Terrorist attack in Dhaka, Bangladesh

The 2004 Dhaka grenade attack took place at an anti-terrorism rally organised by Awami League on Bangabandhu Avenue (now Shaheed Abrar Fahad Avenue) on 21 August 2004. The attack left 24 dead and more than 500 injured. The attack was carried out at 5:22 PM after Sheikh Hasina, the then leader of the opposition had finished addressing a crowd of 20,000 people from the back of a truck used as the stage. Hasina also sustained some injuries in the attack.

==Events and casualties==
Awami League chief Sheikh Hasina had been speaking at a public meeting in Bangabandhu Avenue, protesting against blasts against terrorist grenade attack on the British High Commissioner to Bangladesh, Anwar Choudhury in Sylhet. The rally drew a crowd of 20,000 people. As Hasina finished her speech, a total of 13 grenades were thrown into the crowd from the rooftops of nearby buildings, killing at least 16 people on the spot. Later the death toll reached 24. The blast left more than 500 injured. Among the dead were Hasina's bodyguard, Mahbubur Rahman, and Awami League Women's Affairs Secretary Ivy Rahman, who died from her injuries three days later.

== Reaction ==
The Awami League called for a nationwide hartal on 23 and 24 August 2004 following the incident. Khaleda Zia, the Prime Minister of Bangladesh, condemned the attacks and also vowed a thorough probe to catch the culprits. An intercity train was burned down by Awami League activists on strike in Bhairab. Awami League activists also organized protests in Chittagong and furled black flags at the sight of the attack. A funeral service for the victims at Baitul Mukarram National Mosque was attended by 20 thousand people. Protestors in Dhaka were attacked by members of Bangladesh Police and Jatiyatabadi Sramik Dal, the workers wing of the Bangladesh Nationalist Party (BNP). The Jatiyatabadi Sramik Dal activists also attacked and injured six members of the press.

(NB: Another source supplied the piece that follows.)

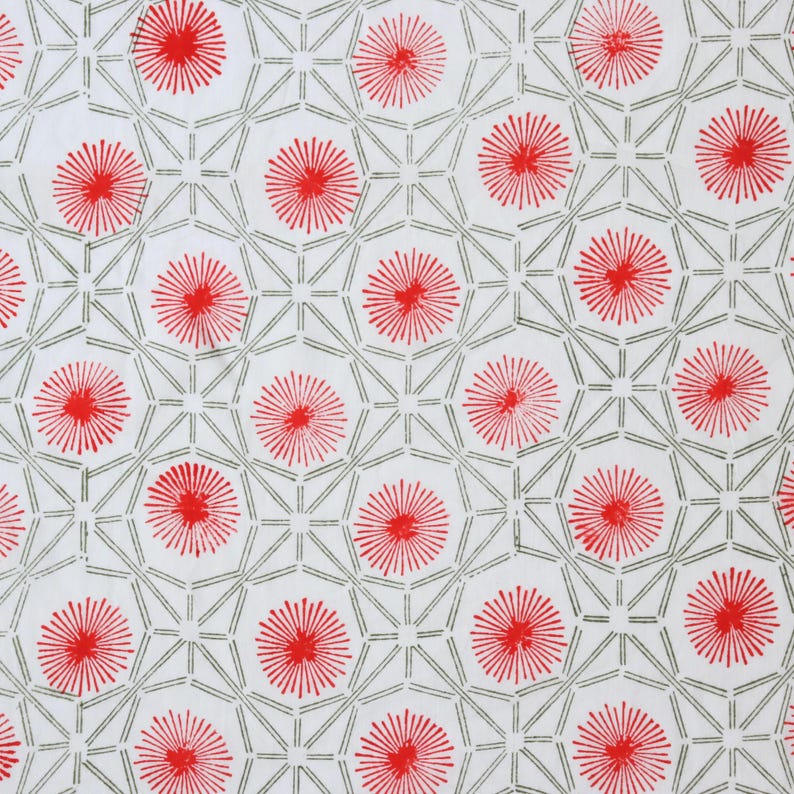 Hand Block Print Cotton Fabric, Red Starburst Lattice, by the Half Yard ...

President of the United States, George W. Bush, expressed "shock" at the attack and conveyed his message to Prime Minister Khaleda Zia and opposition leader Sheikh Hasina through the Secretary of State of the United States, Colin Powell. The attack was also condemned by the United Kingdom, Netherlands, Denmark, France, Germany, Italy, and Sweden.

==Investigation==

===Initial investigation===
Bangladesh Police refused to register any criminal case filed by Bangladesh Awami League over the attack and only registered a general diary. The BNP-led government initially refused to hand over the bodies of the victims, according to Hasina. Investigators from the Federal Bureau of Investigation (FBI) and Interpol made repeated visits to Bangladesh to provide technical support. The Government also tried to implicate Mokhlesur Rahman, an Awami League activist, and Shaibal Saha Partha. They were arrested by Bangladesh Police. Shaibal Saha Partha and Joj Miah were tortured in custody and forced to give a false confessional statement. An investigation by the Supreme Court Bar Association accused the government of destroying evidence. The government was also criticised for hurriedly burying two unidentified dead bodies from the terror attack in the middle of the night.

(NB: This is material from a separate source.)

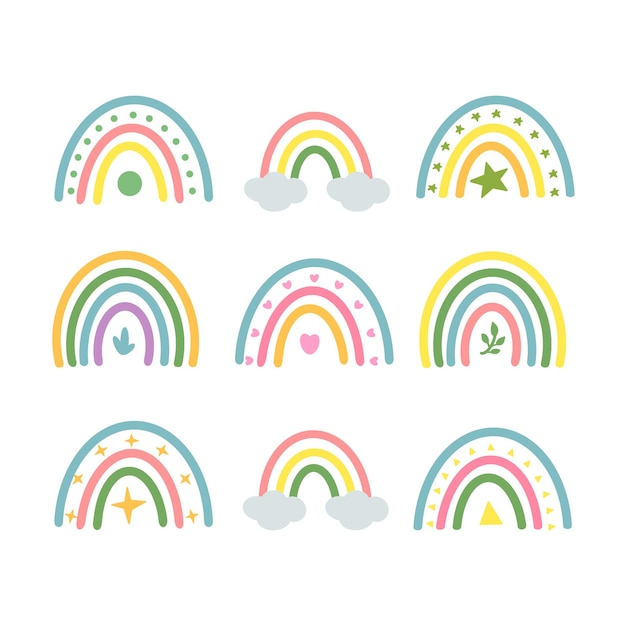 Zestaw wielobarwnych minimalistycznych skandynawskich tęczy w stylu doodle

In 2004, the 4-Party Alliance's coalition government assigned the Crime Investigation Department of the police to oversee the investigation. They came up with a story that some Joj Miah, also known as Jamal Ahmed from Noakhali district, along with 14 other criminals of the Seven Star terrorist group of Subrata Bain, attacked the Awami League rally. They met at Moghbazar before the attack, and rehearsed at a remote island before the attack. The government of Bangladesh formed a one-man judicial probe led by Justice Joynul Abedin. The Awami League rejected the commission, which blamed the attack on a neighboring country. The Daily Star described Abedin as a "shame" for the judiciary in Bangladesh.

On 26 June 2005, Joj Mia, a petty criminal, confessed his involvement in the crime under section 164, to the magistrate. The story collapsed following investigative journalism that discovered holes in the official story.

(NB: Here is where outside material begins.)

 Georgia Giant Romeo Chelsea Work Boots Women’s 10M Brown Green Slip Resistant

===2007–2008 investigation===
In 2007, after the military-backed government assumed office, many of the BNP and Awami League leaders were rounded up by the government agencies, and a fresh investigation into the case was launched.

After almost one year, in November 2007, Mufti Hannan, a militant leader from Gopalganj who was arrested by the BNP-led government in 2005, revealed that the attack was operated by the militant outfit Harkat-ul-Jihad-al-Islami, of which he was a leader. He also admitted that he got support from Maulana Tazuddin, brother of BNP leader and former deputy minister Abdus Salam Pintu, while coordinating the attack.

According to his statement, Abdus Salam Pintu had knowledge of the attack.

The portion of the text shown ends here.